Making sense of Endomondo's calorie estimation

The other day I got curious how Endomondo estimates energy expenditure during the exercise.

On their website, they mention some paywalled paper, but no specifics, so I figured it'd be interesting to reverse engineer that myself. I've extracted endomondo data from their JSON export and plotted a regression.

I'm using Wahoo TickrX chest strap monitor, so the HR data coming from it is pretty decent.

First, I'm importing the dataframe from the python package I'm using to interact with my data. (I've mentioned it here).

It's private at the moment, but it's pretty specific to my use cases and the only interfacing in this post it through Pandas dataframe, so hopefully that wouldn't confuse you.

In [1]:
from my.workouts.dataframes import endomondo
df = endomondo()
WARNING:workout-provider:Unhandled: Cycling
WARNING:workout-provider:Unhandled: Cycling

Some sample data:

In [2]:
display(df[df['dt'].apply(lambda dt: str(dt.date())) == '2019-04-21'])
dt error heartbeats kcal sport
384 2019-04-21 10:11:28+00:00 None 3873.500000 310.0 Rope jumping
385 2019-04-21 10:47:58+00:00 None 2860.666667 248.0 Running

Heartbeats were calculated as average HR multiplied by the duration of exercise.

Error column is a neat way of propagating exceptions from data provider.

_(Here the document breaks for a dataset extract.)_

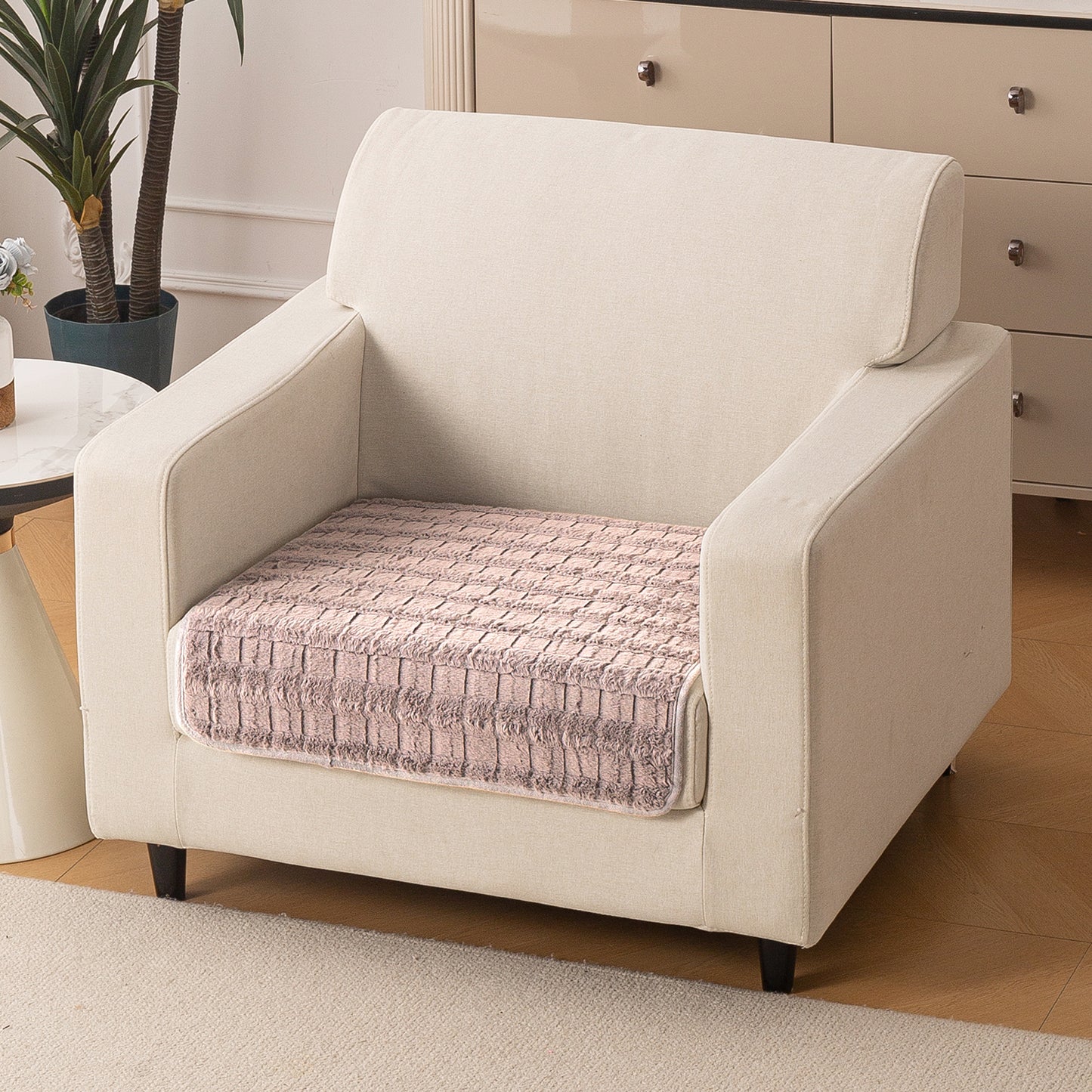 Premium Plush Anti Slip Sofa Mat for 1/2/3 Seater, Beige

E.g. I only have HR data for the last couple of years or so, so data provider doesn't have any of HR points from endomondo. While I could filter out these points in the data provider, they might still be useful for other plots and analysis pipelines (e.g. if I was actually only interested in kcals and didn't hare about heartbeats).

Instead, I'm just being defensive and propagating exceptions up through the dataframe, leaving it up to the user to handle them.

In [3]:
display(df[df['dt'].apply(lambda dt: str(dt.date())).isin(['2015-03-06', '2018-05-28'])])
dt error heartbeats kcal sport
17 2015-03-06 05:50:38+00:00 no hr NaN 397.0 Running
18 2015-03-06 13:20:06+00:00 no hr NaN 127.0 Table tennis
297 2018-05-28 10:11:45+00:00 Unhandled activity: Cycling NaN NaN NaN
298 2018-05-28 12:58:33+00:00 Unhandled activity: Cycling NaN NaN NaN

So, first we filter out the entries with errors:

In [4]:
df = df[df['error'].isnull() & (df['sport'] != 'Other')]

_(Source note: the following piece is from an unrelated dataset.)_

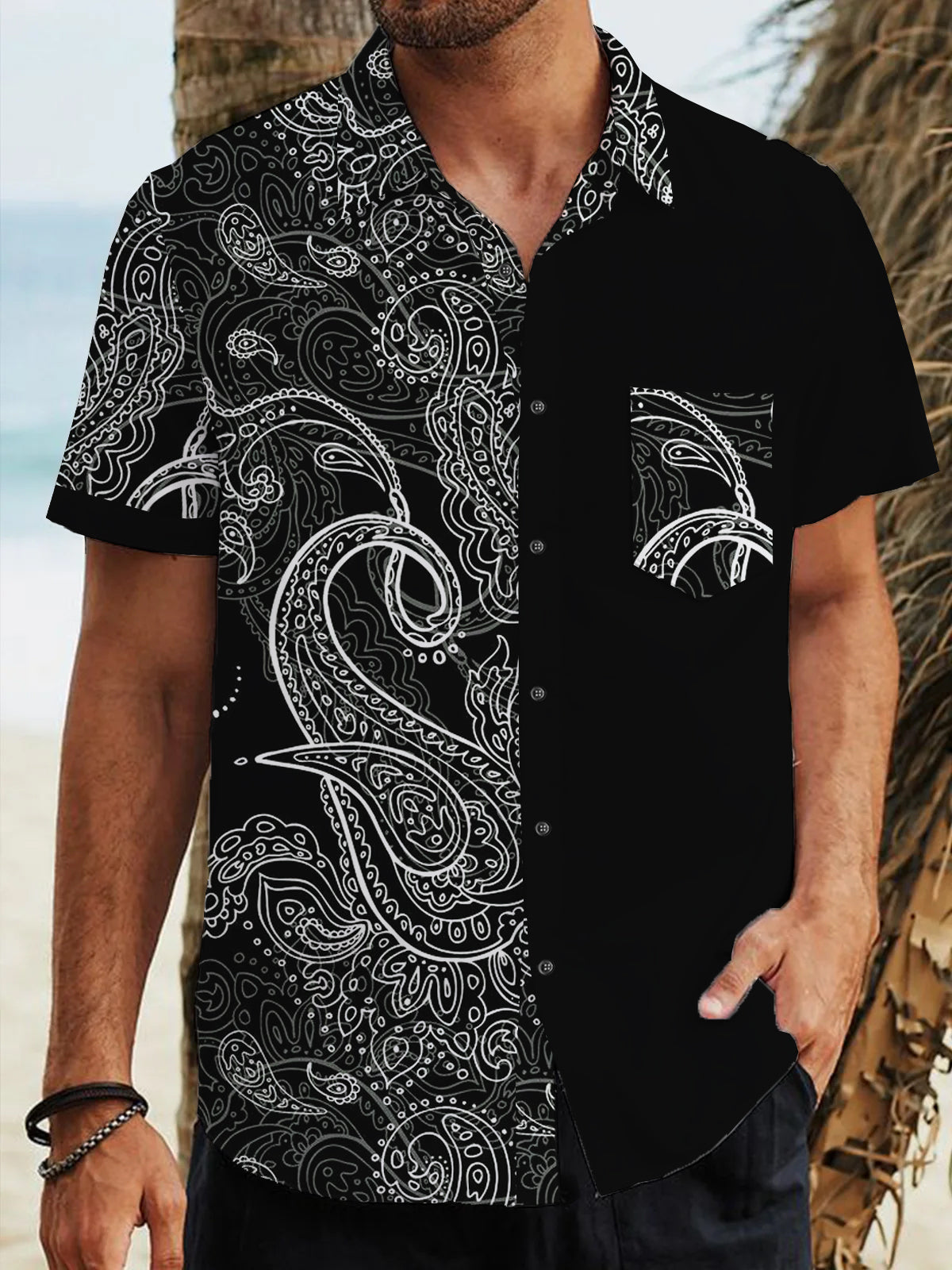 Casual Art Vintage Paisley Short Sleeve Men's Shirts With Pocket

As well as some random entries which would end up as outliers:

In [5]:
df = df.groupby(['sport']).filter(lambda grp: len(grp) >= 10) 
In [6]:
%matplotlib inline
import matplotlib
from matplotlib import pyplot as plt
import seaborn as sns

matplotlib.rc('font', size=17, weight='regular')

sports = {
    g: len(f) for g, f in df.groupby(['sport'])
}

g = sns.lmplot(
    data=df,
    x='heartbeats',
    y='kcal',
    hue='sport', 
    hue_order=sports.keys(),
    legend_out=False,
    height=15,
    palette='colorblind',
)
ax = g.ax
ax.set_title('Dependency of energy spent during exercise on number of heartbeats')

ax.set_xlim((0, None))
ax.set_xlabel('Total heartbeats, measured by chest strap HR monitor')

ax.set_ylim((0, None))
ax.set_ylabel('Kcal,\nEndomondo\nestimate', rotation=0, y=1.0)

plt.grid(True)
# https://stackoverflow.com/a/55108651/706389
plt.legend(
    title='Sport',
    labels=[f'{s} ({cnt} points)' for s, cnt in sports.items()],
    loc='upper left',
)
pass

Unsurprising, it looks like a simple linear model (considering my weight and age barely changed).

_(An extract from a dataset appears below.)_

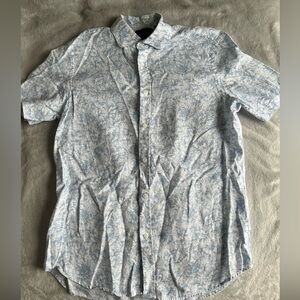 BLACK BROWN 1826 LINEN BUTTON UP DRESS SHIRT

What I find interesting is that for instance for me, running feels way more intense than any of other cardio I'm doing, definitely way harder than skiing!

However the regression coeffecient (basically, calories burnt per 'unit of heart activity') is more or less same. I guess that could potentially be explained by the fact that running involves more muscle activity, which Endomondo can't capture and doesn't try to infer from the exercise type (which you enter manually when you start logging the exercise).

With regards to the actual regression coefficient: seaborn wouldn't let you display them on the regplot (the author has a very strong opition about that, apparently), so we use sklearn to do that for us:

In [7]:
from sklearn import linear_model

reg = linear_model.LinearRegression()
reg.fit(df[['heartbeats']], df['kcal'])

[coef] = reg.coef_
free = reg.intercept_

display(f"Regression coefficient: {coef}")
display(f"Free term: {free}")
'Regression coefficient: 0.0932774194157544'
'Free term: -9.503488864425037'

Basically, that means I get about 0.1 Kcal for each heartbeat during exercise. Free term ideally should be equal to 0 (i.e. just as a sanity sort of thing: not having heartbeat shouldn't result in calorie loss), and -10 is close enough.

Also, fun calculation:

In [8]:
normal_bpm = 60
minutes_in_day = 24 * 60

coef * normal_bpm * minutes_in_day
Out[8]:
8059.16903752118

8K Kcals per day? A bit too much for an average person. I wouldn't draw any conclusions from that one though :)